【完】この愛を、まだ運命だとは甘えたくない
あ、一応話せるんだ。 食事中に会話をしないのは、そう躾けられたせいだと小早川さんは言っていた。
だけど私から話を振れば一応答えてはくれるらしい。
祖父母と一日に起こった出来事を話ながら賑やかな食事を囲んでいた私にとって、食事中一切話をしないというのは気まずくて息がつまる。

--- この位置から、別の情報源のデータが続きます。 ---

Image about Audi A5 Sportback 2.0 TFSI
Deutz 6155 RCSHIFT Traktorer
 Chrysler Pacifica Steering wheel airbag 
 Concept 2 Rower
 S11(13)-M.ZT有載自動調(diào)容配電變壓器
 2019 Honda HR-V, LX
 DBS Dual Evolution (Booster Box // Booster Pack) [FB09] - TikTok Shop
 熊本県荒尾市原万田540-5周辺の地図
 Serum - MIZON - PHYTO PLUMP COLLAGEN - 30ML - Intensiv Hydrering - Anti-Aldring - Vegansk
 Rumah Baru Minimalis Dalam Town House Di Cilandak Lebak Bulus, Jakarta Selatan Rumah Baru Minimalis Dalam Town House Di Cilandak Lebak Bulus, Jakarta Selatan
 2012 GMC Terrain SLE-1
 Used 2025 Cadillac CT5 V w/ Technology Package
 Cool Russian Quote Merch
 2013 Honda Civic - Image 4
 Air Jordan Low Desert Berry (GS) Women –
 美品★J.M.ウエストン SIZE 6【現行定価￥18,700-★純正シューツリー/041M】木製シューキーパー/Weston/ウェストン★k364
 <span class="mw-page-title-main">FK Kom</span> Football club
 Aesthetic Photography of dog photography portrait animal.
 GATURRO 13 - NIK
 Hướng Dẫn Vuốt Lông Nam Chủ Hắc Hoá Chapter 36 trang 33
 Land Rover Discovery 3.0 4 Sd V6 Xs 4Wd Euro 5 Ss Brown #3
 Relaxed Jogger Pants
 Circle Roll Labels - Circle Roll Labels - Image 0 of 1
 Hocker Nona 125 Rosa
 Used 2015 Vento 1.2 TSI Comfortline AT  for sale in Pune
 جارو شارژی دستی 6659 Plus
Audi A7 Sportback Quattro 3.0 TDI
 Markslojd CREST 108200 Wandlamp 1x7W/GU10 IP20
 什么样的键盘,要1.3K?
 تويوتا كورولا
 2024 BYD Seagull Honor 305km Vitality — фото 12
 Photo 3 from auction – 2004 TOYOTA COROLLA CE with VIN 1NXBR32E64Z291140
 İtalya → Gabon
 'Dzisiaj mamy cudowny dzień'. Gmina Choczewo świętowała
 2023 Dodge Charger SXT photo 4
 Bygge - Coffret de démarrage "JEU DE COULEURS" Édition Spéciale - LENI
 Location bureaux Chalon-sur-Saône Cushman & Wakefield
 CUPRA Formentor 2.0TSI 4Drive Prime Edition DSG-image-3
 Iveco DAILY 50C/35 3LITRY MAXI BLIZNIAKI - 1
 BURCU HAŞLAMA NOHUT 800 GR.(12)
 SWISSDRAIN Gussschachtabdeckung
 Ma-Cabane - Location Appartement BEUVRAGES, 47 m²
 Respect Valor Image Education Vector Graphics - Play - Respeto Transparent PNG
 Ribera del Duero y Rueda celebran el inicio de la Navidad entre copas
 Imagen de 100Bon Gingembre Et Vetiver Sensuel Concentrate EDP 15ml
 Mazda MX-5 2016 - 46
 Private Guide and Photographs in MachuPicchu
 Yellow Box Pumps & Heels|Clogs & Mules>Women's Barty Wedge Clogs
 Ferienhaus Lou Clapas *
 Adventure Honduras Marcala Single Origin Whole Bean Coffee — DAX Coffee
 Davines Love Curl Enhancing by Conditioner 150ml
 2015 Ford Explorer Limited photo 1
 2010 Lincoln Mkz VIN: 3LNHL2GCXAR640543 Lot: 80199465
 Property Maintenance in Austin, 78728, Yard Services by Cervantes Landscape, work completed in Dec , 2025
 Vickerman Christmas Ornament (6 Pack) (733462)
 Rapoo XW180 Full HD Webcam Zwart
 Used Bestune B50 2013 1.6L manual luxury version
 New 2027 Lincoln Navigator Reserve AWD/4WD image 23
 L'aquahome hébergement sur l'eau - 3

「ラインでも言ったんですけど…今日荷物が届きました…」
「ああ…!届いたか!それは良かった!」
何故か伊織さんは嬉しそうに頬を緩めた。 子供の様な純真無垢な笑顔が、何だか切ない。 どうしてそんなに嬉しそうに笑うのだろう。
けれど私は知りたかったのだ。突然送られてきた大きめな段ボール二つの中には、所狭しとボヤージュのお菓子が入れられていた。
賞味期限を見て見ると一応日持ちをするお菓子らしいが、到底私が一人で食べきれる量ではなかった。
え?嫌がらせ? 私の事豚にしたいわけ?と勘繰りたくもなる。
でも何故か彼の子供の様に勝ち誇った笑顔を見ていると、口ごもってしまう。